Task objective:
Write out each record in full and exactly as given. Skip any pictures.

(Records from a dataset)
▼▼▼

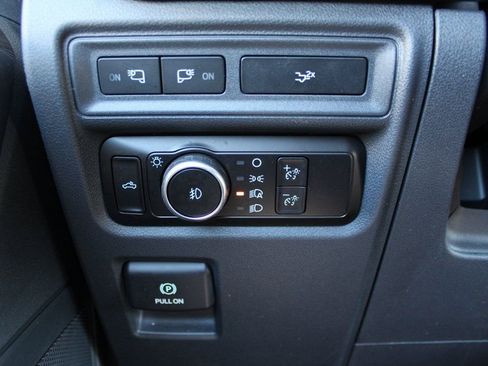 Used 2023 Ford F150 XLT w/ Equipment Group 302A High image 22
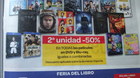 Nuevo-2x1-en-carrefour-del-15-al-25-de-abril-c_s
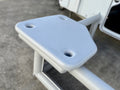 Optional Extra - Corner Table - Big Sky Innovations
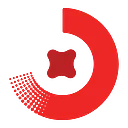 Prompt logo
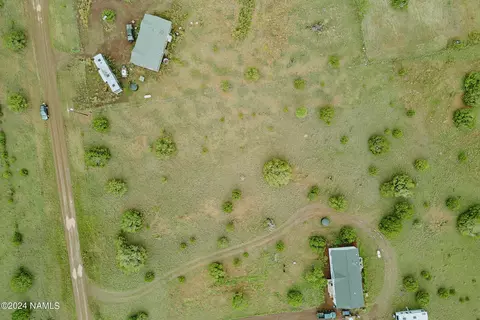 1687 E Brook Hill Rd, Williams, AZ 86046 photo 8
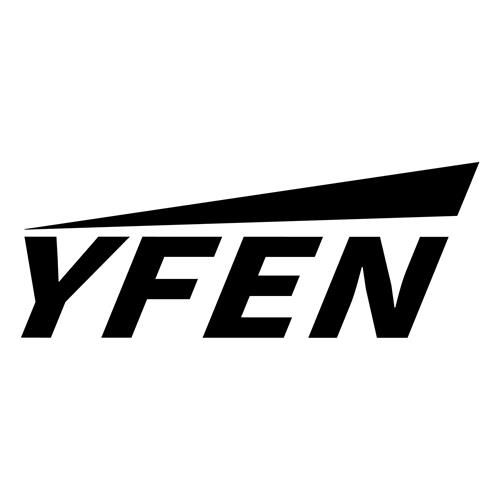 YFEN trademark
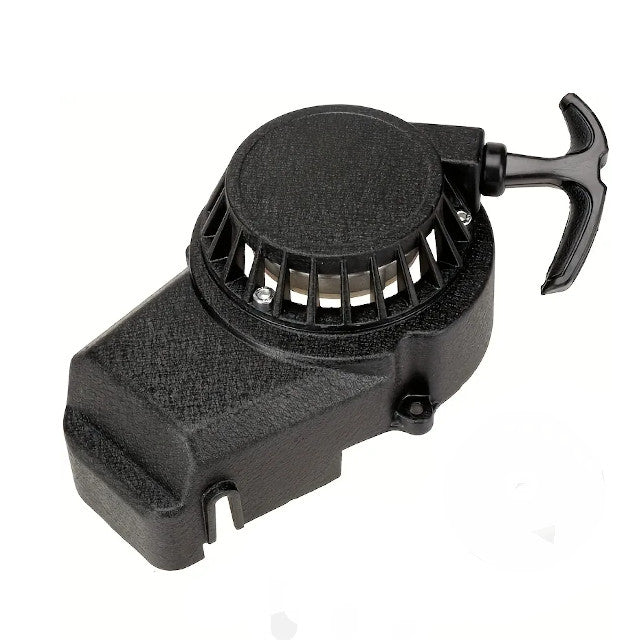 Tirador de arranque Pitibike AllPro KX 50 2025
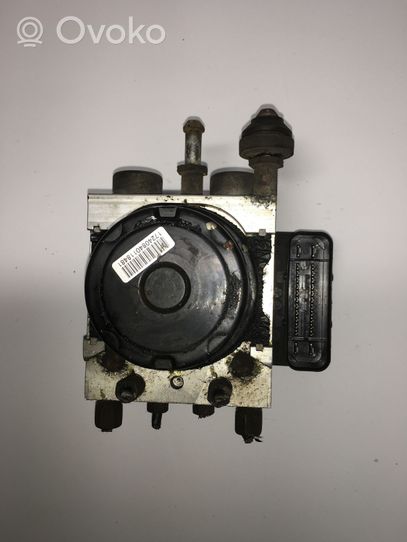 Nissan Murano Z51 ABS Pump 476601AN0B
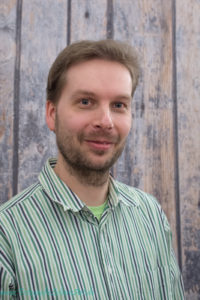 Freitags-Spieleabend @ Lange Aktiv Bleiben (LAB)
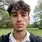 Photo of Thomas B. Las Vegas Casino United Kingdom player sharing his experience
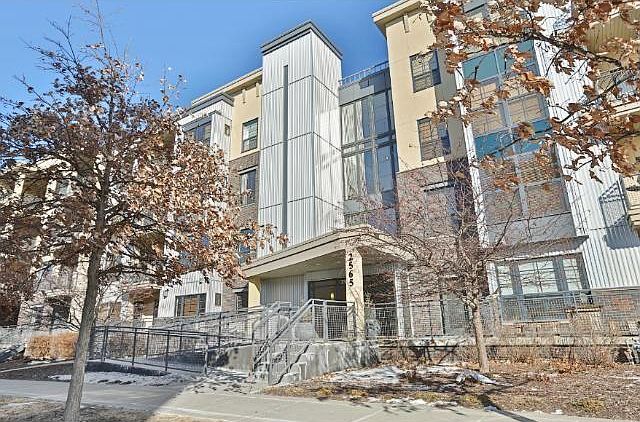 1st image of 2565 Franklin Ave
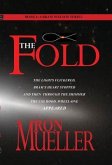 The Fold (eBook, ePUB)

▲▲▲

Result of this task:
 Used 2023 Ford F150 XLT w/ Equipment Group 302A High image 22
 Nuevo-2x1-en-carrefour-del-15-al-25-de-abril-c_s
 Optional Extra - Corner Table - Big Sky Innovations
 Prompt logo
 1687 E Brook Hill Rd, Williams, AZ 86046 photo 8
 YFEN trademark
 Tirador de arranque Pitibike AllPro KX 50 2025
 Nissan Murano Z51 ABS Pump 476601AN0B
 Freitags-Spieleabend @ Lange Aktiv Bleiben (LAB)
 Photo of Thomas B. Las Vegas Casino United Kingdom player sharing his experience
 1st image of 2565 Franklin Ave
 The Fold (eBook, ePUB)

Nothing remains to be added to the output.